WHAT THE EXERCISE ASKS =
Quote the entries below from the line with "Forplay Damen Jeans" through the line with "ยึดพะเยา 3 เขต", both ends included, and only those lines.

DATASET CONTENT =
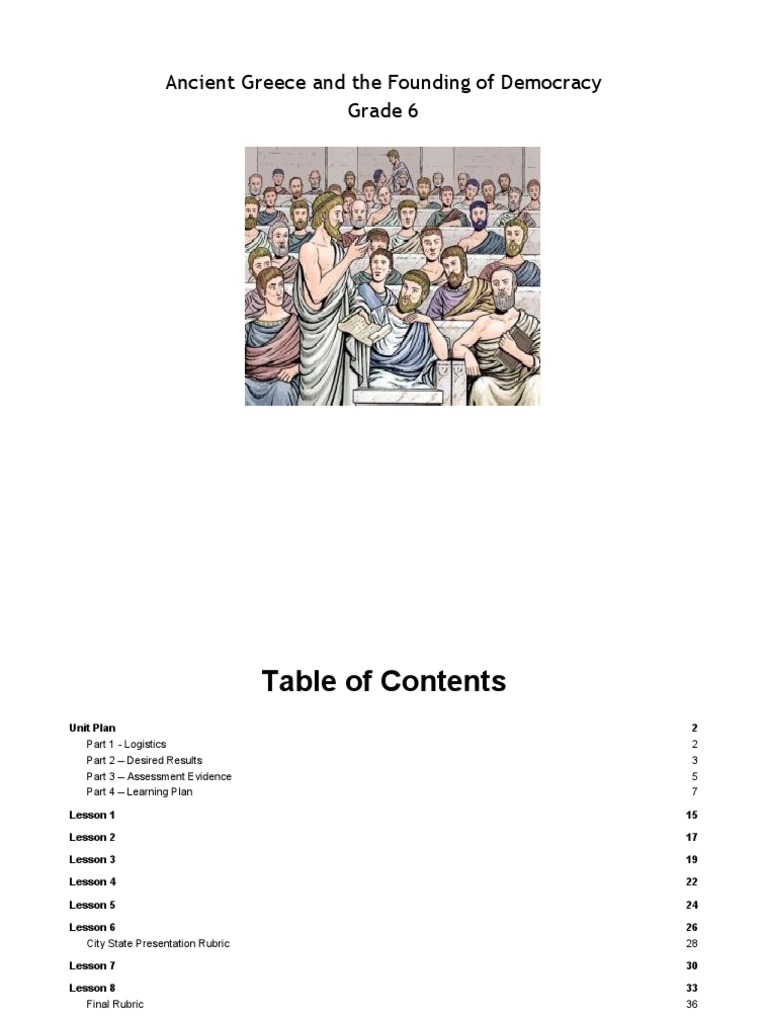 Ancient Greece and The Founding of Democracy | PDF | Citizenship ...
==
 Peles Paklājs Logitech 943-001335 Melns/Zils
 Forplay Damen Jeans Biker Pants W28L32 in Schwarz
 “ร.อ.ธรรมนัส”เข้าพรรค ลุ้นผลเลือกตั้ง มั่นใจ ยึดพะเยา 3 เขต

EXERCISE RESPONSE =
 Forplay Damen Jeans Biker Pants W28L32 in Schwarz
 “ร.อ.ธรรมนัส”เข้าพรรค ลุ้นผลเลือกตั้ง มั่นใจ ยึดพะเยา 3 เขต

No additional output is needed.